Over 200 people lost their homes.
Once a settlement of dozens of farms, a pub, cemetery and over 200 residents whose ancestors had worked the land for generations, it was rendered silent within just months. Its historic community disappeared, leaving behind abandoned dwellings and missing livestock. Most of the properties didn’t survive much longer.
In September 1939, following the outbreak of World War Two, an Army officer turned up to inspect this isolated part of mid Wales. By Christmas, every farm received notifications, telling the shell-shocked occupants they had until April 1940 to leave their family homes. The Ministry of Defence had designated the area’s 30,000 acres as a training facility. The local population was told that their sacrifice was vital to the war effort and they would be compensated for their disruption.

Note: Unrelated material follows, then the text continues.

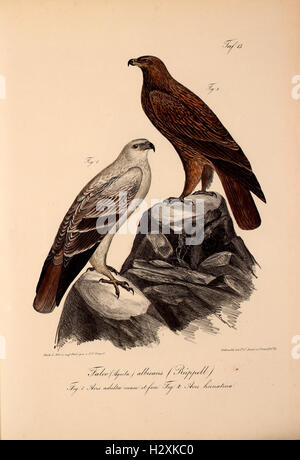 This work details new vertebrate species discovered in the fauna of ...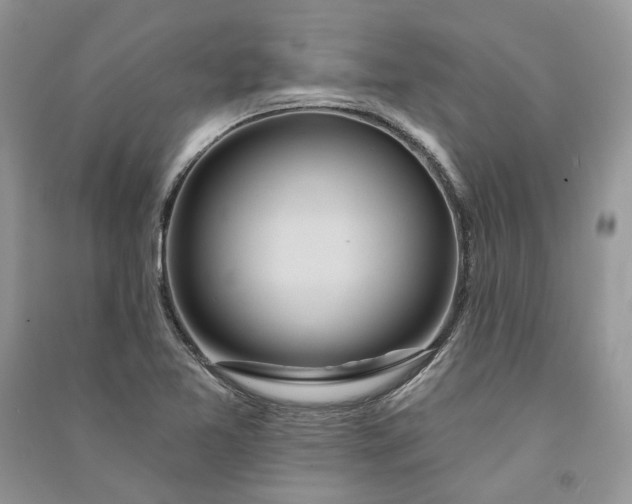 X0000090911365200708131404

With bombs already dropping, the War Office was in urgent need of extra land and resources. For a brief moment in 1940, the predominantly Welsh-speaking community thought they had convinced the MoD to reconsider its proposals, reports the Express. Yet, as Hitler’s Nazis swept across Europe, London rejected the distressed community’s appeals, ordering them to find new homes elsewhere to raise their families and care for their livestock. Sadly, the 54 farming families who were forced to leave had few nearby options and many were obliged to relocate away from the region.
Many believed this upheaval would be short-lived and they would come back once the war ended. Yet, the MoD still owns the 30,000 acres of Mynydd Epynt to this day, now called the Sennybridge Training Area, which continues to be used for training and live firing by British troops.
Almost all of the original buildings, including the farmhouses, have been destroyed but The Drovers Arms Inn pub still stands, alongside the headstones in the graveyard. These are practically the sole traces of the families who lived there 80 years ago in what was more a settlement than a well-defined village. Whilst satellite imagery on Google Maps shows a small network of roads in the location, many cannot be accessed via Street View.
‘We’ve blown up the house — you won’t need to come here anymore’
In 1940, families clung to the hope they would ultimately stay – or at least come back. As late as March of that year, St David’s Day celebrations took place at the chapel, known as Capel y Babell. One man, Thomas Morgan, was reported to make frequent trips back to light a fire in his hearth, safeguarding the stonework from weather deterioration until his family’s expected return. He kept up this daily routine until two soldiers approached him with heartbreaking news: his home had been destroyed. They told him: “We’ve blown up the farmhouse. You won’t need to come here anymore.”
Bethan Price, a descendant of one of Epynt’s families, disclosed her great-grandmother left a key in her front door lock, never relinquishing hope of returning. Yet others acknowledged the finality of their exit. One woman even demanded her front door be removed when she left the village. For numerous residents it signalled the end of an era, their familiar world vanishing forever.
In June 1940 the school and chapel closed their doors, the Army started dismantling hedges, and on 1st July 1940, heavy artillery bombardment began. According to NFU Cymru, Elwyn Davies, aged 10 at the time, recalled his grandmother’s forced relocation, eventually settling in Carmarthenshire: “It was a very sombre time. It was war time, and there weren’t many options locally. Just a week after she left, they flattened her house. They flattened everything.”
Iowerth Paete, who formerly worked as curator at St Fagans National Museum of History, was sent to capture the event through his lens. He recalled observing horses pulling carts laden with possessions along the road departing from the village, and an elderly woman crying as she sat in a chair outside the home she was being forced to leave.
Current MP Ben Lake, whose grandmother Beryl Lake was the last baby born at Epynt, told NFU Cymru: “The takeover of the Epynt 80 years ago is a significant but often overlooked chapter in the history of Wales. An entire community was displaced, and families had to vacate farms that had been farmed by their ancestors for generations.”
However, despite the anger felt at the time, expressing dissent was viewed as weakening the war effort and the Allied fight against Hitler. As a result, the forced evacuation of Epynt never gained the same historical recognition as, for example, Capel Celyn in Tryweryn Valley, which was deliberately flooded in 1965 to provide drinking water to Liverpool homes.
In fact, eight decades on, Epynt’s memory has faded – much like the engravings of its former residents etched into the weathered gravestones at its 19th century chapel.
Can I visit Epynt today?
People can discover the Epynt Way via several walking trails of varying lengths where “sheep roam freely on artillery ranges and red kites soar above troops on exercises” but “the sound of the wind is punctuated by booming mortars”.
The Epynt Way visitor centre, located in a traditional farmhouse, provides advice to visitors: “If you see any military debris, don’t worry, you are safe but please don’t pick things up. You may see soldiers training but you are more likely to see red kites, hares and other wildlife.”